ACTIVITY: In the material below, print every line exactly and omit the pictures.

EXCERPTED RECORDS:
= = = = =
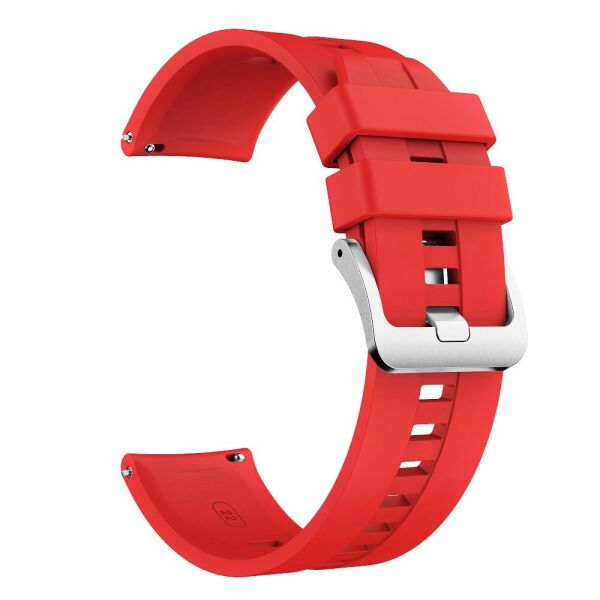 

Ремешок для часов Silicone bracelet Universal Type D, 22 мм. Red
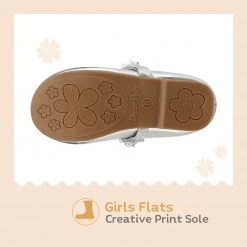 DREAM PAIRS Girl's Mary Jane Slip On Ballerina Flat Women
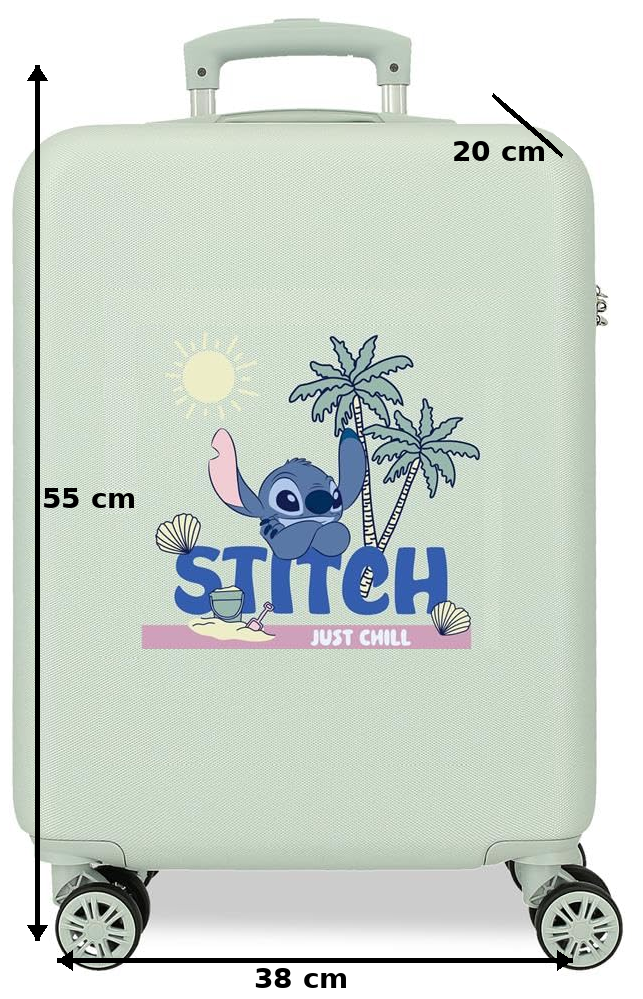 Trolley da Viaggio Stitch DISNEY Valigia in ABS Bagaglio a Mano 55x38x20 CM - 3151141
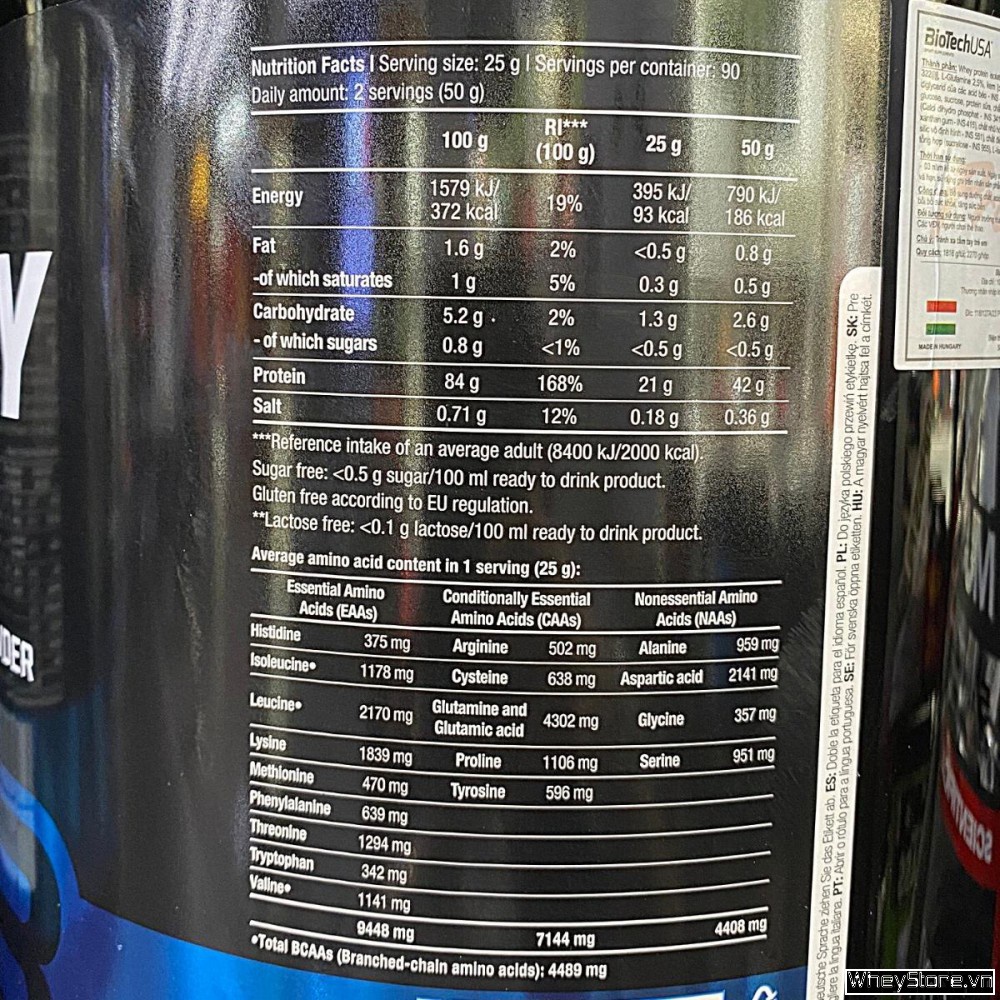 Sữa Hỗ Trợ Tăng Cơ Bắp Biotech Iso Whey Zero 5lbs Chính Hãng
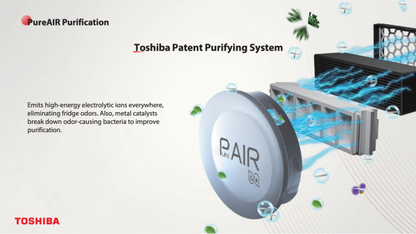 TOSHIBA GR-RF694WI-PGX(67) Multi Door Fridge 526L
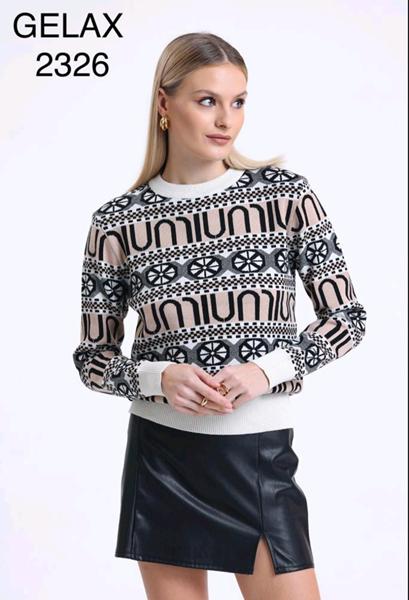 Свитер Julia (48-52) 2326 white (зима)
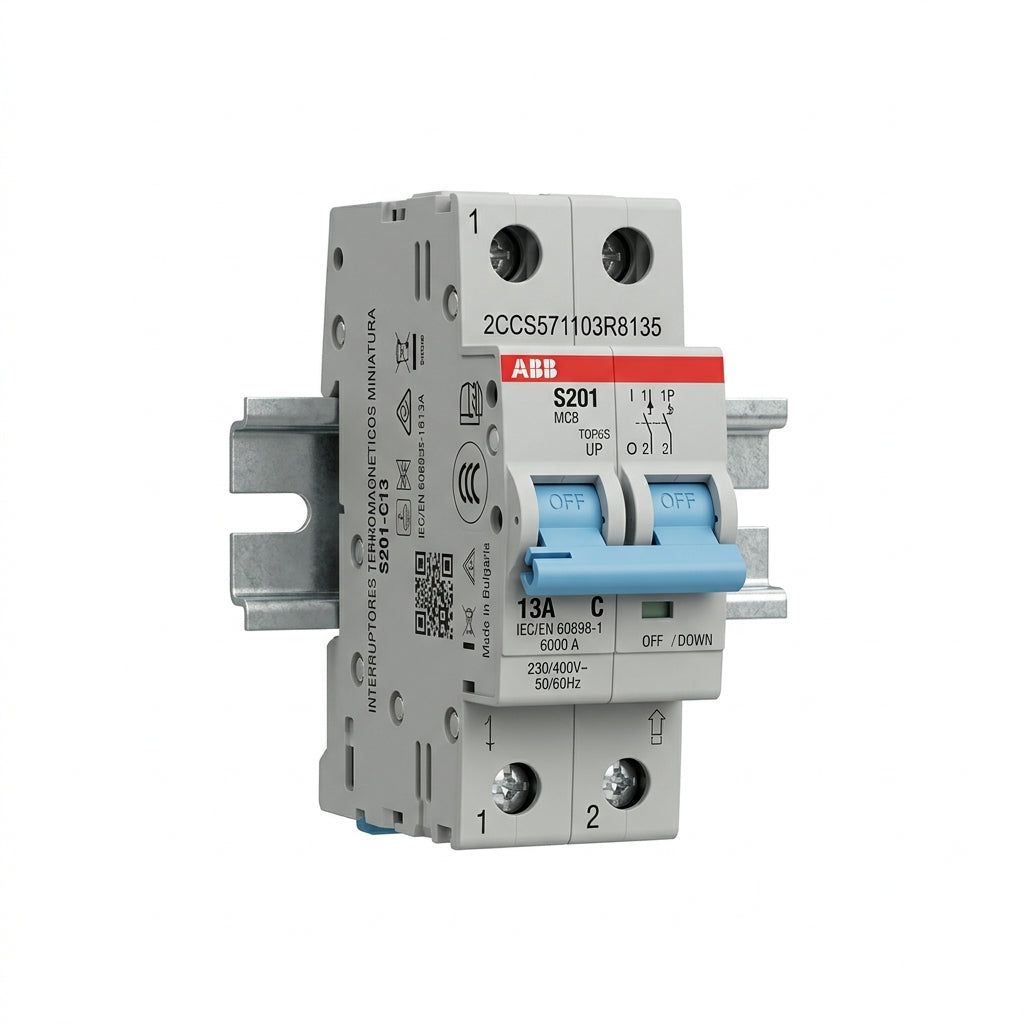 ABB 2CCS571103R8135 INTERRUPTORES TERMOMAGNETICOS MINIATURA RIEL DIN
= = = = =
RESULT OF THE EXERCISE:
Ремешок для часов Silicone bracelet Universal Type D, 22 мм. Red
 DREAM PAIRS Girl's Mary Jane Slip On Ballerina Flat Women
 Trolley da Viaggio Stitch DISNEY Valigia in ABS Bagaglio a Mano 55x38x20 CM - 3151141
 Sữa Hỗ Trợ Tăng Cơ Bắp Biotech Iso Whey Zero 5lbs Chính Hãng
 TOSHIBA GR-RF694WI-PGX(67) Multi Door Fridge 526L
 Свитер Julia (48-52) 2326 white (зима)
 ABB 2CCS571103R8135 INTERRUPTORES TERMOMAGNETICOS MINIATURA RIEL DIN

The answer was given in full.